After running my update query, trees that do fall within conservation areas still are being reported as outside. I think this is due to my conservation areas table containing multiple records.
A solution could be merging all the polygons in the Conservation Areas table, but I'm assuming there is better way of going about the issue.
UPDATE [TREES]
SET
IN_CONSERVATION_AREA =
CASE
WHEN
t.[geom].STIntersects(ca.[geom]) = 1 THEN 'Y'
WHEN
t.[geom].STIntersects(ca.[geom]) = 0 THEN 'N'
END
FROM [CONSERVATION_AREA] ca,[TREES] t
I'd expect the output to be 'Y' if a tree is in a conservation area and 'N' if it isn't.
You're joining all trees to all conservation areas. Presumably no tree is inside every conservation area so what the final result looks like depends on which update SQL Server chooses to apply1 (since there's a separate Y
or N
update applicable for every combination).

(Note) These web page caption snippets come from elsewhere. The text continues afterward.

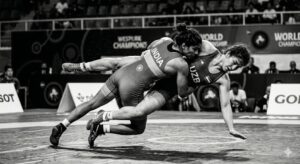 India’s Wrestling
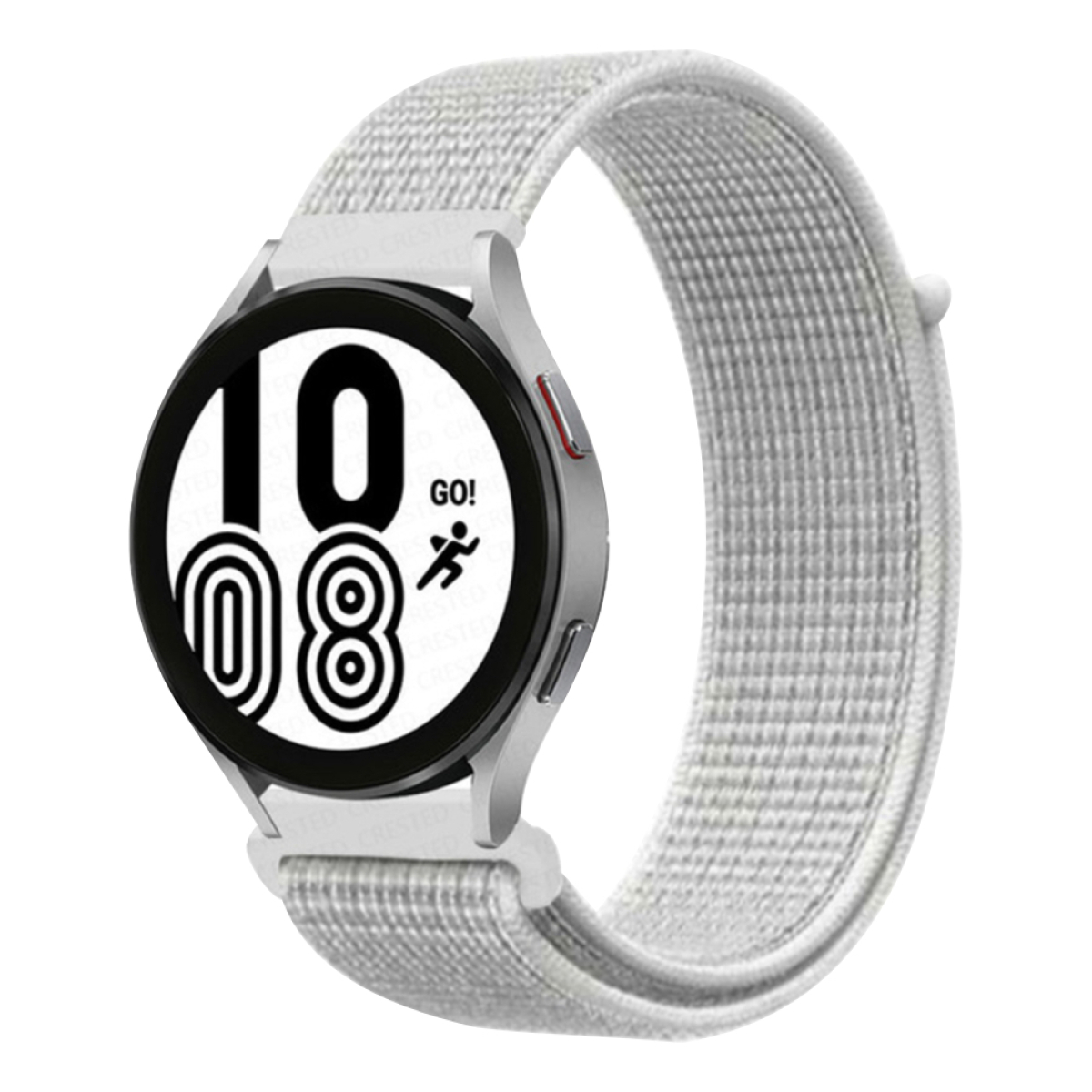 Malla Pulsera Para Reloj Smartwatch Deportivo - 20mm - Imagen 1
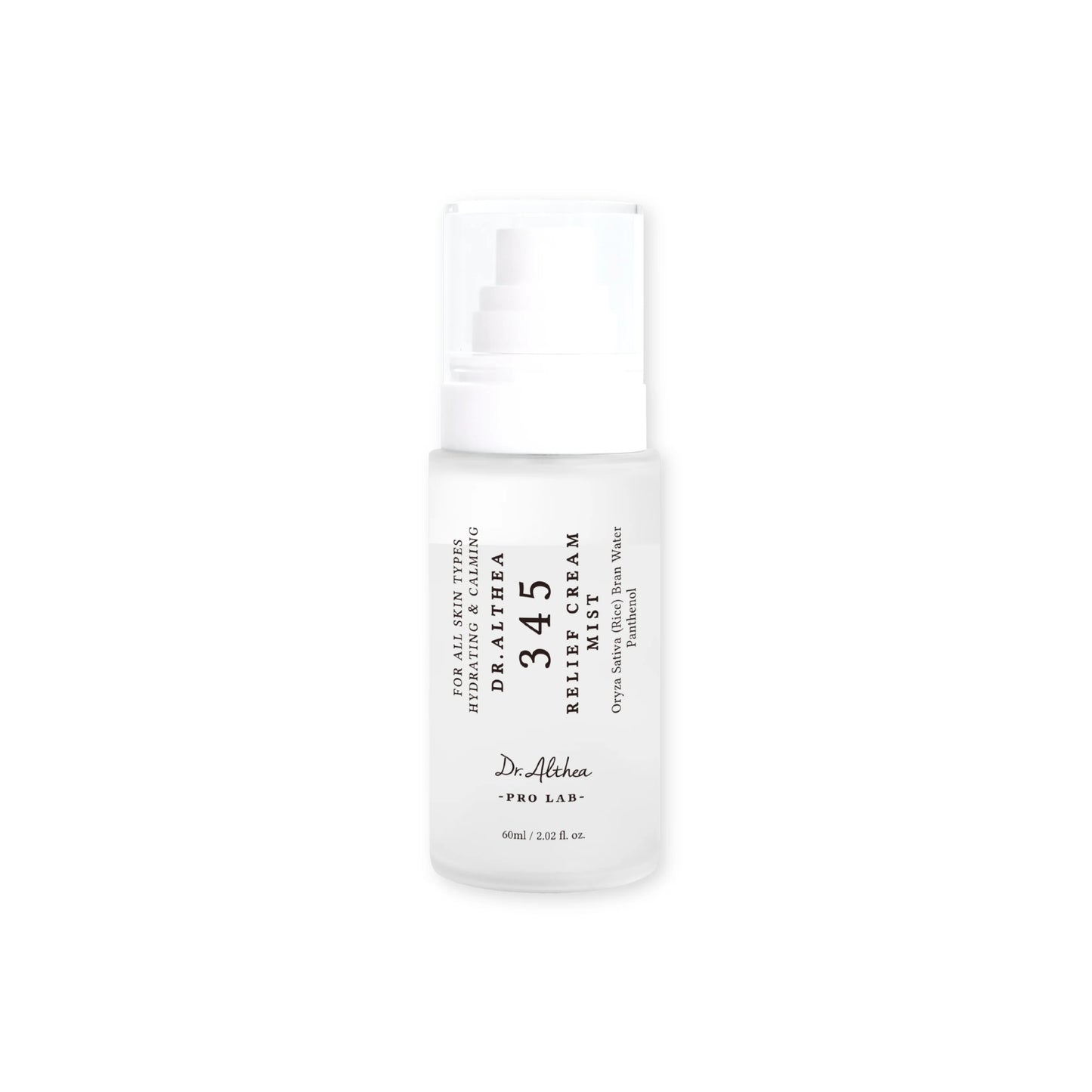 Dr. Althea 345 Relief Cream Mist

What we could do instead is a LEFT JOIN
using the intersects test:
UPDATE t
SET
IN_CONSERVATION_AREA = CASE
WHEN ca.geom IS NULL
THEN 'N'
ELSE 'Y' END
FROM [TREES] t
LEFT JOIN
[CONSERVATION_AREA] ca
ON t.[geom].STIntersects(ca.[geom]) = 1
If a tree is within multiple conservation areas, this will still attempt to update that tree multiple times but at least all of the updates are the same (Y
).
Note also that in this new form, it's got the potential to benefit from Spatial Indexes, which you hopefully have.
As I said in the comments though, if you do have indexes, I'd suggest first testing whether performing this same logic when retrieving the data performs adequately. Prefer not to store data that can be computed - it just leaves open the possibility that it's out of date (when, say, someone adds a new conservation area)
1Some database systems will complain with errors along the lines of "row subject to multiple update!". But not SQL Server. Instead it's documented to leave such rows updated in an arbitrary fashion.